Yapay zekanın cevabı ise şöyle oldu:

Teknolojinin insanları aptallaştırdığı veya akıl yetersizliğine sebep olduğu fikri oldukça tartışmalı bir konudur. Bu soruya verilecek cevap, birçok faktörü ve bakış açısını içermelidir.

Teknolojinin Olumlu Etkileri:

1.         Erişim Kolaylığı: Teknoloji, bilgiye ve kaynaklara erişimi artırabilir. İnternet sayesinde geniş bir bilgi havuzuna ulaşmak ve öğrenmek kolaylaşmıştır.

2.         Öğrenme Araçları: Teknoloji, öğrenme materyalleri ve eğitim araçları sunar. Eğitim yazılımları, interaktif ders materyalleri ve uzaktan eğitim, öğrenme deneyimini zenginleştirebilir.

3.         Verimlilik Artışı: Teknoloji, günlük hayatı kolaylaştırabilir ve iş yapma süreçlerini daha verimli hale getirebilir. Otomasyon ve dijital araçlar, zaman kazandırabilir.

Teknolojinin Potansiyel Olumsuz Etkileri:

1.         Dikkat Dağınıklığı: Sürekli olarak akıllı telefonlar, bilgisayarlar ve diğer cihazlarla etkileşimde olmak, dikkatin dağılmasına ve odaklanma zorluğuna yol açabilir.

2.         Yüzeysellik: Hızlı bilgi akışı, yüzeysel bilgi alışverişine yol açabilir.
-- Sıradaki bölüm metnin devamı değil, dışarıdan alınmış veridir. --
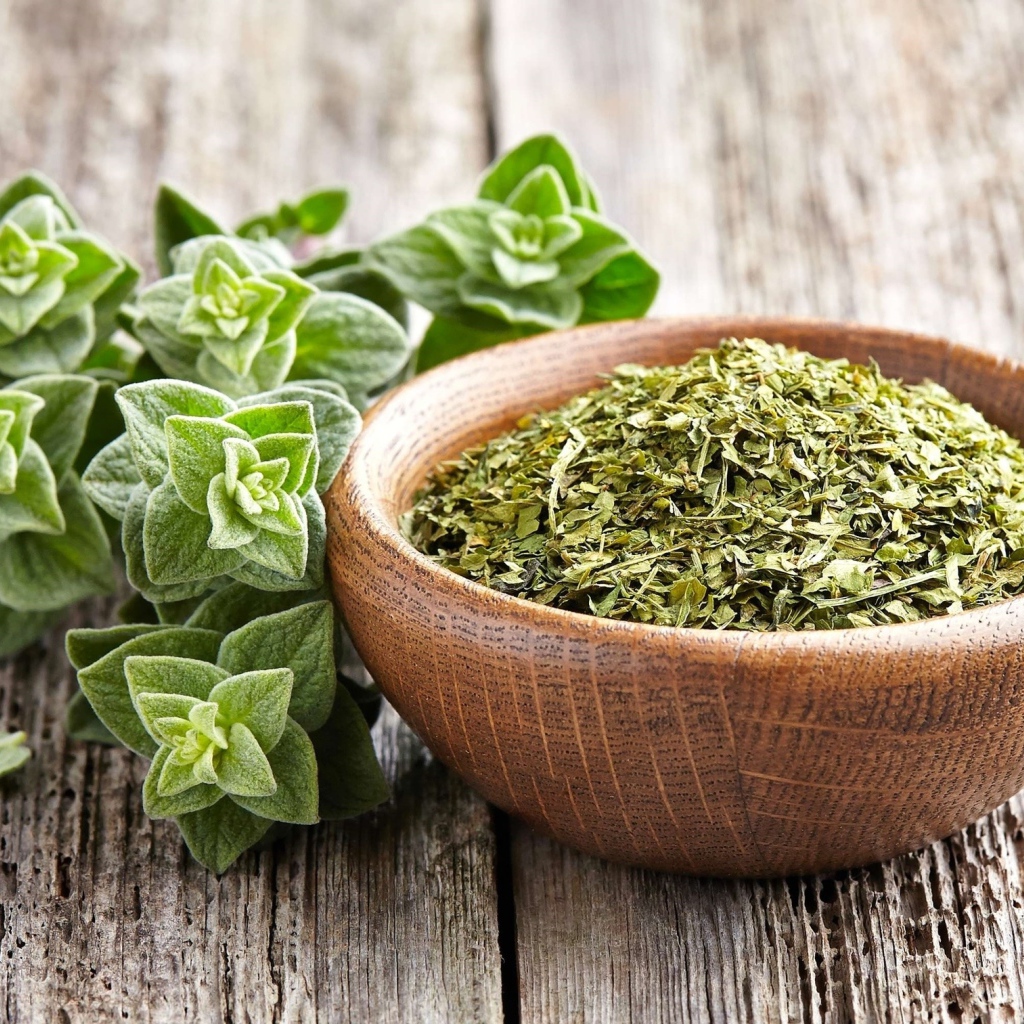 Сухая трава орегано в деревянной миске на столе 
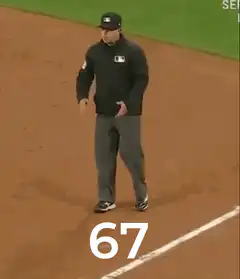 Baseball umpire shrugs with number 67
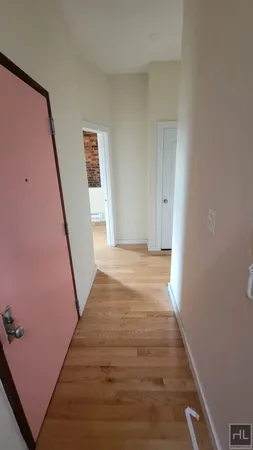 a view of a hallway with wooden floor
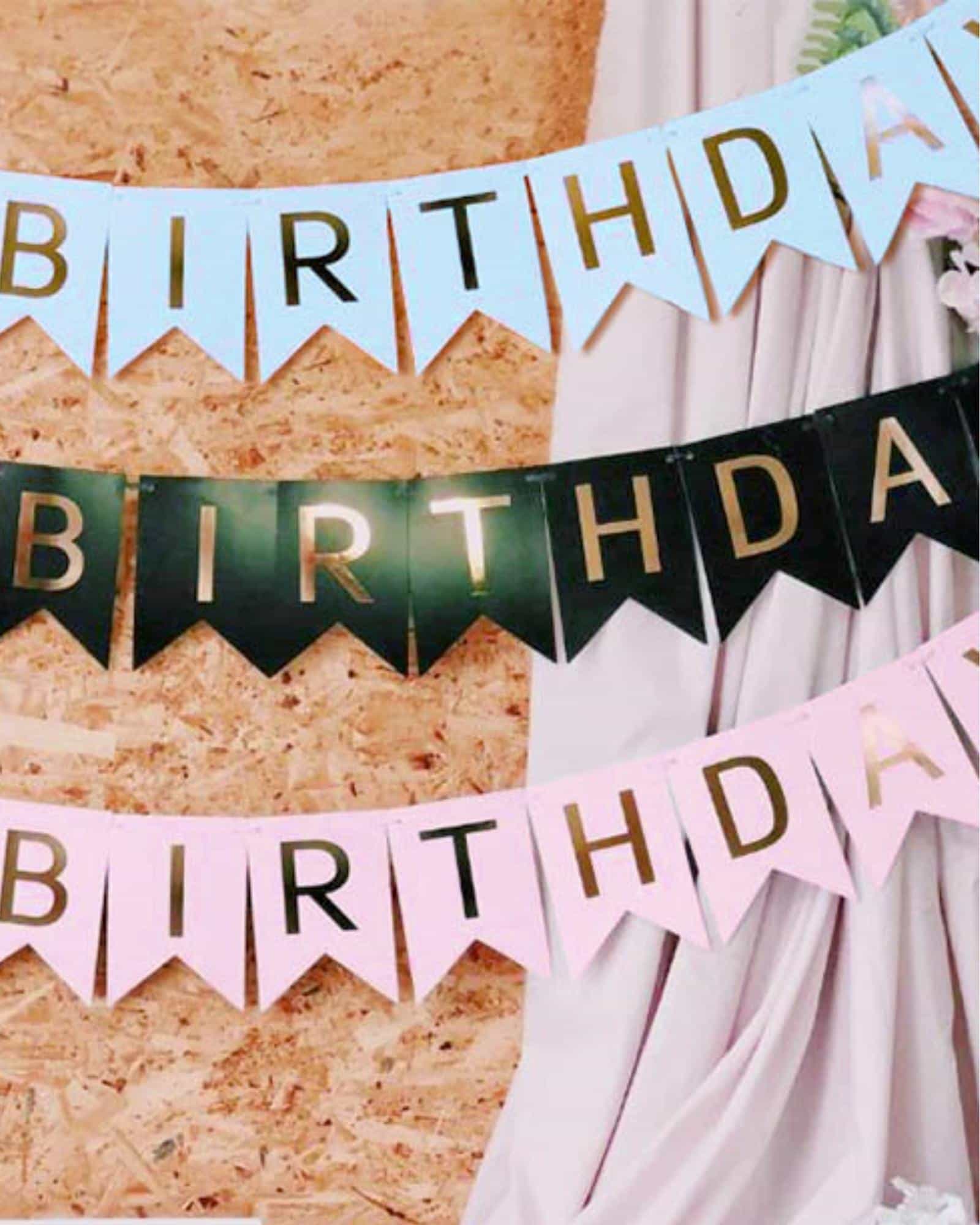 Colorful "Birthday" banners in light pink, blue, and black, adorned with shiny gold lettering against a textured backdrop.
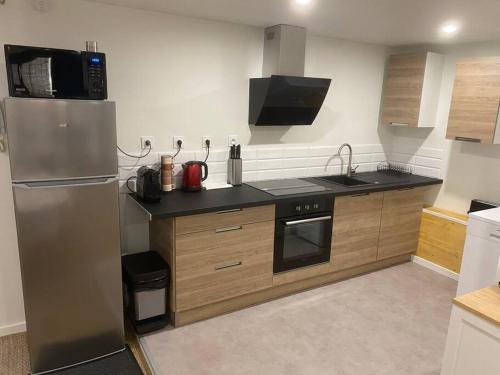 eine Küche mit einem Kühlschrank aus Edelstahl und einer Mikrowelle in der Unterkunft Coeur de Jaude 2 chambres Tout équipé 4 personnes in Clermont-Ferrand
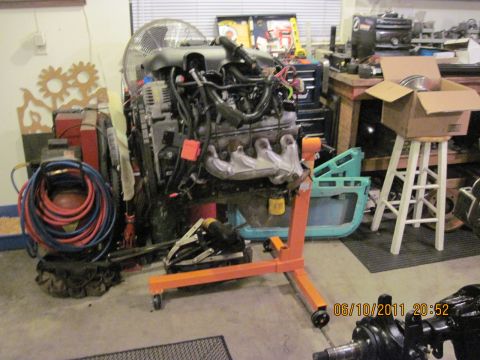 1985 Jeep CJ7 - An engine is mounted on a stand in a workshop, surrounded by various tools and equipment.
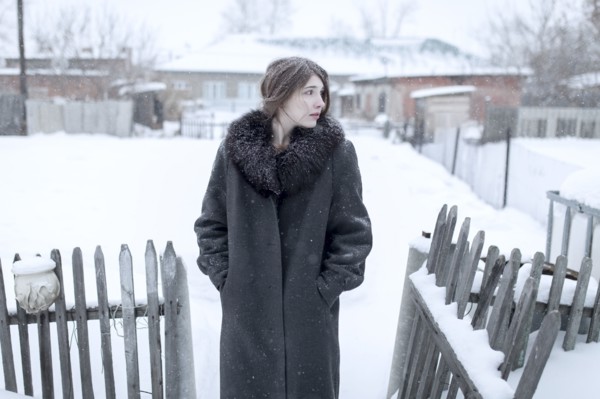 Caucasian woman wearing coat in winter near fence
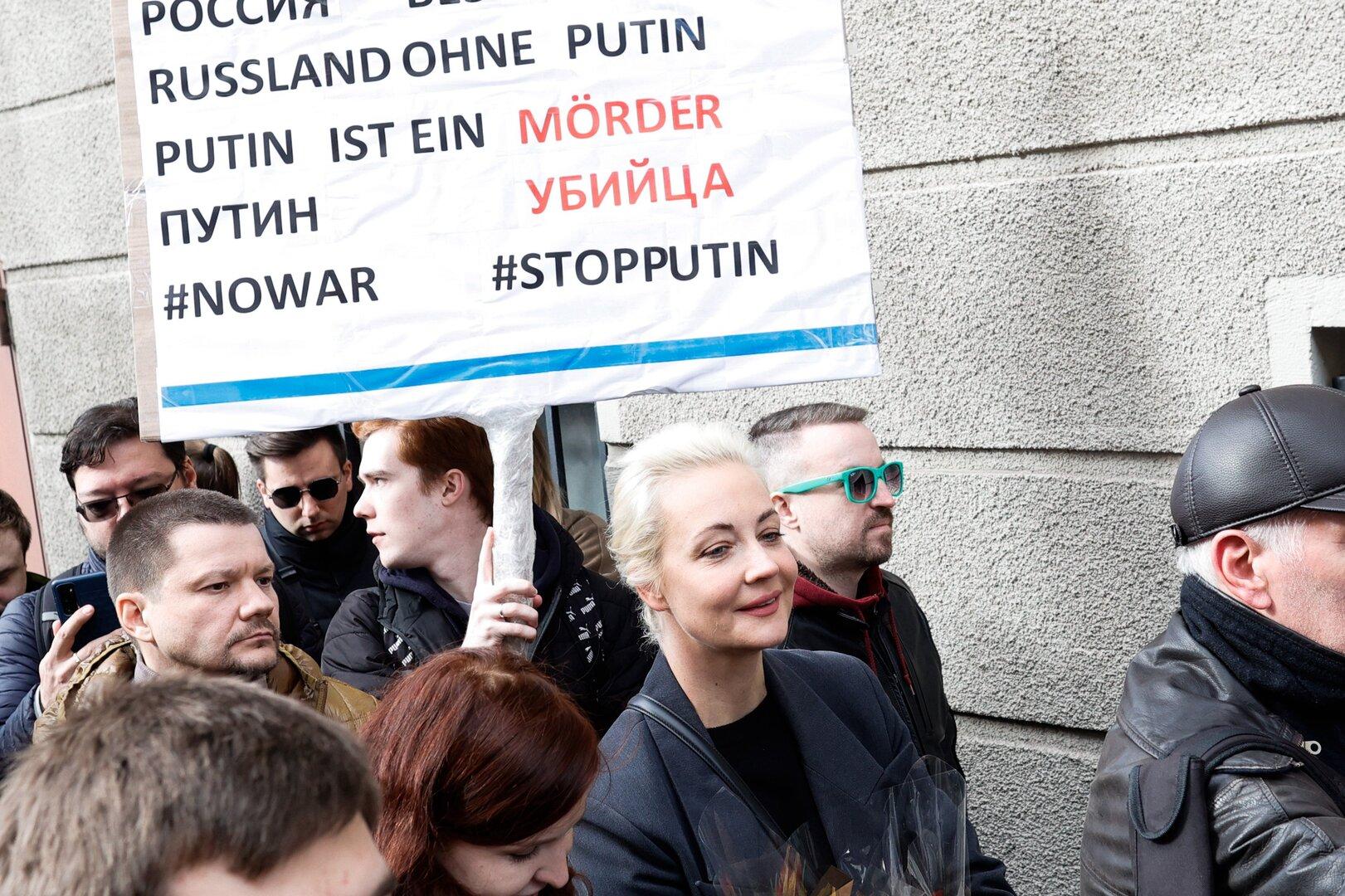 Menschen demonstrieren mit einem Schild, auf dem „Russland ohne Putin“ und „Putin ist ein Mörder“ steht.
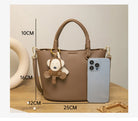 Upgrade your accessories with this new bucket bag for women. Featuring a fashionable and versatile design, this handheld bag is perfect for adding a chic and trendy touch to your look. -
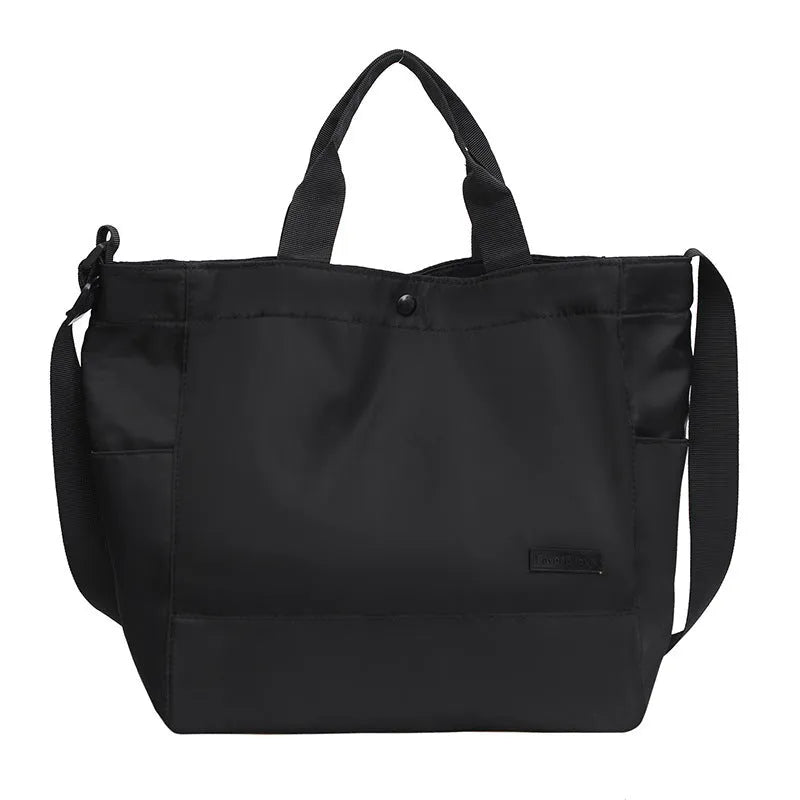 Large capacity nylon crossbody bag for women, black colour, soft material, with three shoulder straps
Derinlemesine düşünme ve analiz yapma süreçleri azalabilir.

3.         Bilgiye Aşırı Bağımlılık: Teknolojiye güvenmek, insanların kendi bellek ve düşünme yeteneklerini zayıflatabilir. Bilgiye hızlı erişim, bazen kişisel hatırlama ihtiyacını azaltabilir.

4.         Sosyal Etkileşim Sorunları: Teknoloji aracılığıyla iletişim kurmanın artması, yüz yüze iletişimdeki eksikliklere yol açabilir. Bu da sosyal becerilerin azalmasına neden olabilir.

Önemli olan, teknolojiyi bilinçli bir şekilde kullanmak

Yapay zeka konuyla ilgili son olarak, “Teknolojinin insanları aptallaştırdığı iddiası kesin bir genelleme yapmaktan ziyade, nasıl kullanıldığına ve kişinin deneyimine bağlı olarak farklılık gösterebilir. Teknoloji, potansiyel olarak insanların zihinsel yeteneklerini geliştirebileceği gibi, dikkat dağınıklığı, yüzeysellik ve sosyal sorunlar gibi etkiler de yaratabilir. Önemli olan, teknolojiyi bilinçli bir şekilde kullanarak olumlu yönlerini ön plana çıkarmak ve olumsuz etkilere karşı korunma önlemleri almak olabilir” cevabını verdi.